以前書いた板読みの記事では「蓋」という概念を説明し、株価は蓋が置かれている方へ動きやすいという内容を書きました。
この蓋の考え方は割と一般的に知られている考え方で、その影響で「株価は板が厚い方向へ動く」なんて言われることも多いですよね。
ただ、個人的には必ずしも板が厚い方向へ動いていくわけではなく、あくまで値動きの流れがあってこそ機能する考え方だと思います。
この記事では板が必ずしも厚い方向へ動かない例をご紹介しましたので、ひとつの考え方としてご参考下さい。
板が厚くなる意味を値動きの流れから考える
まずこのチャートをご覧下さい。
これは寄付きから大きくギャップアップして始まっていて、なおかつ直近で話題となっている銘柄です。
200万株という出来高的にもそれなりに大きなプレイヤーが関わっていそうですね。
今回このチャートの中で注目するのは図の赤枠部分です。
ここは
- 寄付きから上がって
- 高値で売られてちょっと下がって
- 保ち合って踊り場を作る
という流れだと推測され、ここから
- 上がるのか
- 安値を割れていくのか
がトレードするにあたって読みたい要素です。
このいわゆる踊り場部分の安値は775円前後で、結論的にはここを割らずにまた上がってくれると予想したわけですが、その根拠のひとつに板がありました。
踊り場で耐える株価の様子
踊り場はトレードにおいて重要な要素で、この期間で株価が一定価格で耐えている様子が感じ取れるかを考えます。
今回の場合、このような板になっていて・・・
簡単に言えば
- 踊り場安値付近の買い板が連続的に厚くなっている
- 770円の買い板も厚い
という状況ですね。
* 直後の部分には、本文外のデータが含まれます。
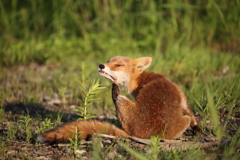 キタキツネ④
板が厚い方へ株価が動いていくという法則に従えば、この先は株価が奈落の底へ落ちていくことになりますが・・・
実際にはこのように再度コツンと上昇してスト高張りつきになっています。
こうなってくると「なぜ板が厚い方へ動かなかったのか」ということを考えますが、結論としては「単なる買い支えだったから」だと私は考えました。
チャートの流れが
- 寄付きから上がって
- 高値で売られてちょっと下がって
- 保ち合って踊り場を作る
という順序だったことを考えると、要はその価格(踊り場の安値)から下へ株価が行ってしまわないように買い板を厚くしていた状況で、これは株価が何かしらの意図で支えられていたというわけです。
私は証券会社で働いていたことも機関投資家の実際の売買も知らないのであくまで妄想でしかありませんが、ストップ高へと導いた大口資金の持ち主が支えていてくれたのかなと思ってしまいます。
その目的はストップ高へまた張りつかせるためであり、踊り場では個人投資家などすぐに手放してしまう人を売らせていたのかもしれません。
ちなみに先ほど出した板からもう7分ほど経過しても・・・
このようにむしろ株価がじりじりと上がってさらに厚い部分が増える状況が継続されていました。
やがて株価はジリ上げからコツンと上げてくれたわけで、やはり板が厚いからといって必ずしもそちらへ動いていくわけではないでしょう。
大事なことは値動きの流れ
思うのですが、たぶん株価の動きというのは暗記ではなくその時その時の流れとか思惑を読むことが求められてくるのではないでしょうか。
その読みが当たれば利益を受け取れるし、外れれば損切りする羽目になるのです。
板が厚いとか薄いとかはその過程で出てくるほんのひとつの要素であって、流れが大事なのかなと思います。
ただ、なんでもかんでも読み切れるかというとそういうわけではないので、
- なるべく同じような状況にあるチャートを狙っていく
- 同じような状況で何度もトレードをして読みの精度を上げる
ということが大事でしょう。
再現性あるトレードは期待値を高めてくれますし、自分がこういった状況の株を狙っていくということも必然的に明確にしてくれます。
「板が厚い方へ株価が動く」という点だけに囚われると盲目なトレードになってしまいがちなので、常に値動きの流れを考えていきたいものですね。
まとめ
今回は株価が必ずしも板の厚い方向へ動かない例をご紹介し、そこから値動きの流れを考えることの重要性を述べました。
今回ご紹介したのは買い支えによって板が厚くなった状況でしたが、「買い板が厚い」という様子は状況が違えばまた違った解釈ができる可能性もあるでしょう。
大事なことは株価がどういった意図でそうなっているのかを自分なりに考えることであって、暗記することではありません。
結果も大事ですが過程も考察しつつ、日々トレードを行っていきましょう。